Таким вот образом, в Средние века церковники сделались наследниками философов античности, и, можно сказать, Католическая Церковь заняла место Академии и Лицея; ее отношение определяло теперь весь культурный климат и направление образования. Отсюда и важность Августина, который был не только самым влиятельным церковником раннего средневековья, основной вдохновитель Папства как наднационального верховного органа и изобретатель правил монашеского общежития; но, более всего, живой символ непрерывности между исчезнувшей древней и нарождающейся новой цивилизацией. Современный католический философ оправданно заявил, что Августин был "в большей степени, чем какой-либо император или варварский военачальник, творцом истории и строителем моста, что вел от старого мира – к новому"[77].
2. Мост, ведущий к Граду
Трагедия заключается в выборочной натуре того дорожного движения, которое началось на мосту, выстроенном Августином. У застав Града Божия, весь транспорт, везущий сокровища древнего знания, красоты и надежды, заворачивался, поскольку все языческие добродетели были "развращены с присутствием непристойных и гадких дьяволов…". Так что пускай Фалес прощается со своей водой, Анаксимен – с воздухом, стоики – со своим огнем, а Эпикур – со своими атомами"[78].

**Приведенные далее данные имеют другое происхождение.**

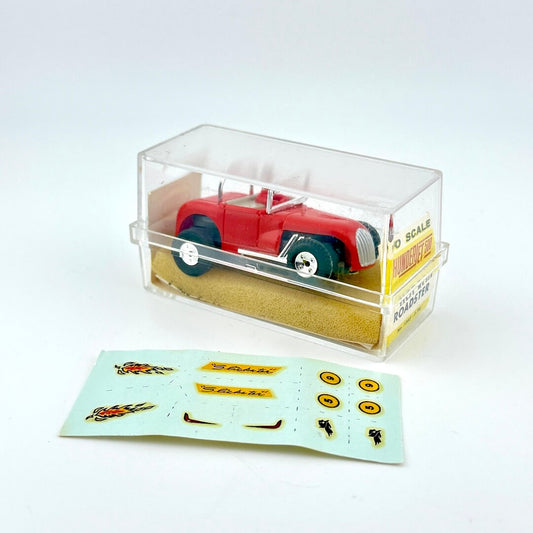 Model car in a clear display case with a set of decals on a white background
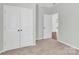 Bedroom with double closet, neutral carpet, and doorway to another room at 3207 Selwyn Landing Dr, Charlotte, NC 28215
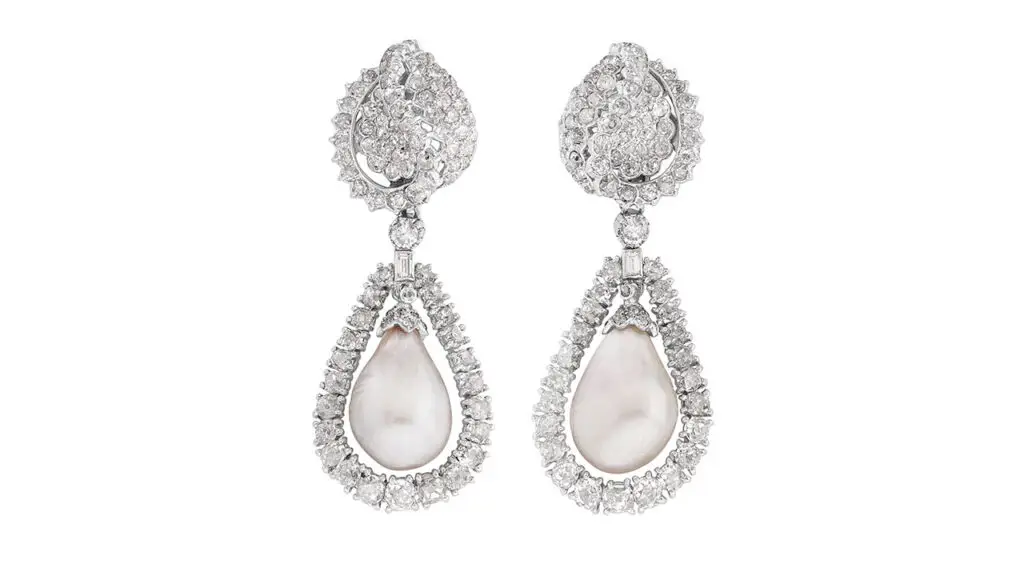 A pair of Monture Cartier earrings, each centering a natural pearl in a diamond surround at Phillips image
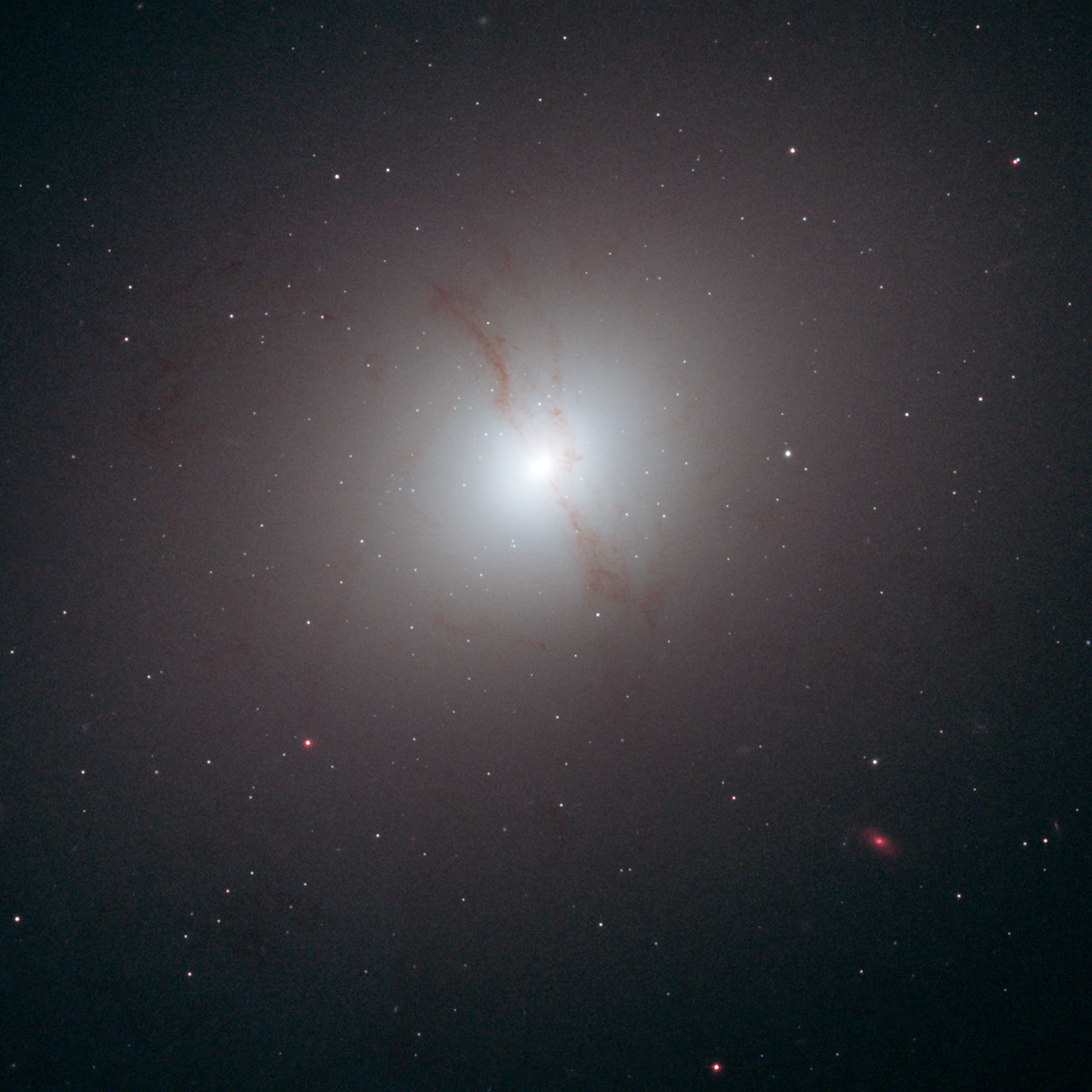 The elliptical galaxy NGC 4589. A dust lane is visible going vertically through the cloud of stars that make up this galaxy. Image Credit: NASA, ESA, and R. Foley (University of Illinois)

И они прощались, расставались. Только лишь Платону с его учениками было разрешено пройти по мосту, и их приветствовали в Граде, ибо им было известно, что знание нельзя получить посредством телесных глаз, и это они прибавили аллегорическое дополнение к "Книге Бытия": Адам, изгнанный из Рая, должен был направиться прямиком в платоновскую Пещеру, чтобы вести существование закованного в цепи троглодита.
Более же всего приветствовалось презрение неоплатоников ко всем видам знаний. От них Августин "вывел убеждение, которое сам он передал последующим поколениям на многие столетия, что единственный желательный вид знаний, это знание Бога и души, и что нет никакой выгоды в исследовании царства Природы"[79].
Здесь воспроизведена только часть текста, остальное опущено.